• [WORK TO BE COMPLETED] Only one stretch of the data should be retyped: the lines from the line containing "Flamastry Trio A-Z (24 kolory)" through the line containing "Leek and Lentil Stew with Potatoes". Keep pictures out of it.

• [MATERIALS PROVIDED]

Segment Open

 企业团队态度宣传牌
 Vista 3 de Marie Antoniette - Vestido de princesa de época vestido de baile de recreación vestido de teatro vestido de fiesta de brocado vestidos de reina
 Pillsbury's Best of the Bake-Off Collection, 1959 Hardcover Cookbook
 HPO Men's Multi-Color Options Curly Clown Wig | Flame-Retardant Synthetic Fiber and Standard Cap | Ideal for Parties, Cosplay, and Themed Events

Segment Closed
Segment Open

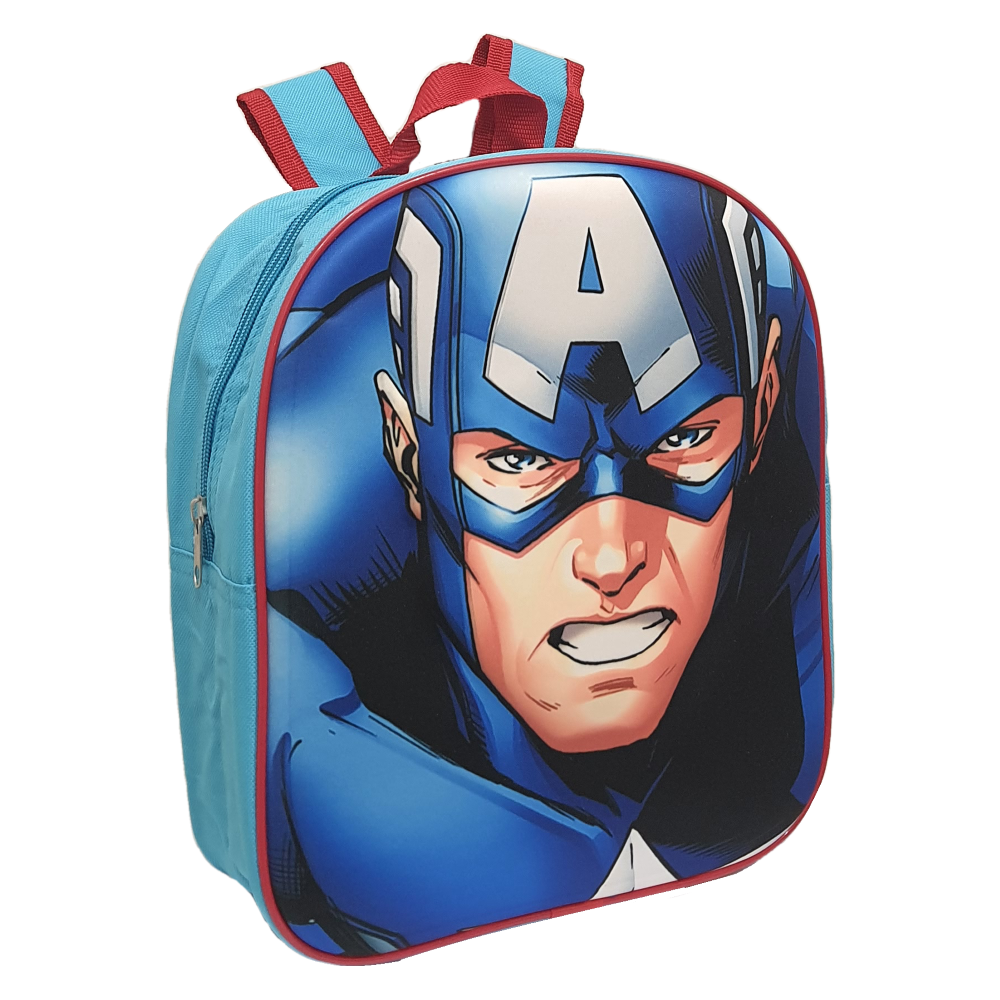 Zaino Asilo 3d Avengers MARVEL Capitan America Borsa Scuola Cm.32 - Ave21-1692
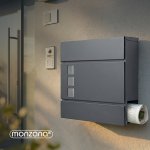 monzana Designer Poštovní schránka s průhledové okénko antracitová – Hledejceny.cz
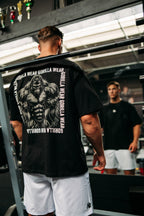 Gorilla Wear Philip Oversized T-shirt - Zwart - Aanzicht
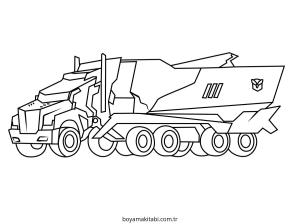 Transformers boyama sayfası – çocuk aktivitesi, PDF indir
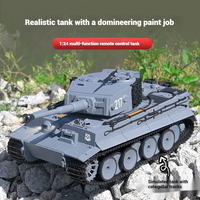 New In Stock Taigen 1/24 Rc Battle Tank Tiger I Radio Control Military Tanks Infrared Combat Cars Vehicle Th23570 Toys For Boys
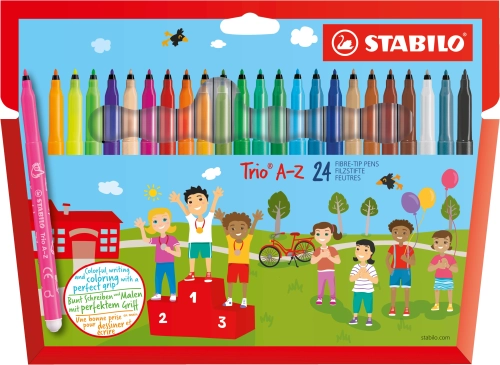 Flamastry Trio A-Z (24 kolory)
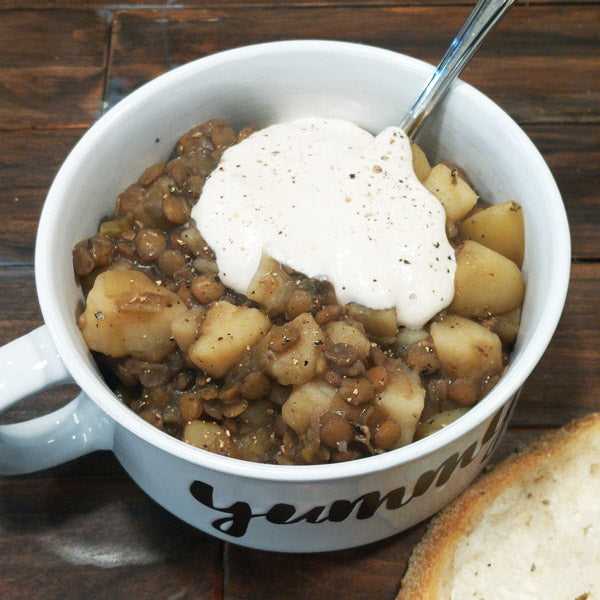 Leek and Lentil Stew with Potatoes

Segment Closed

• [SOLUTION TO THE EXERCISE]
 Flamastry Trio A-Z (24 kolory)
 Leek and Lentil Stew with Potatoes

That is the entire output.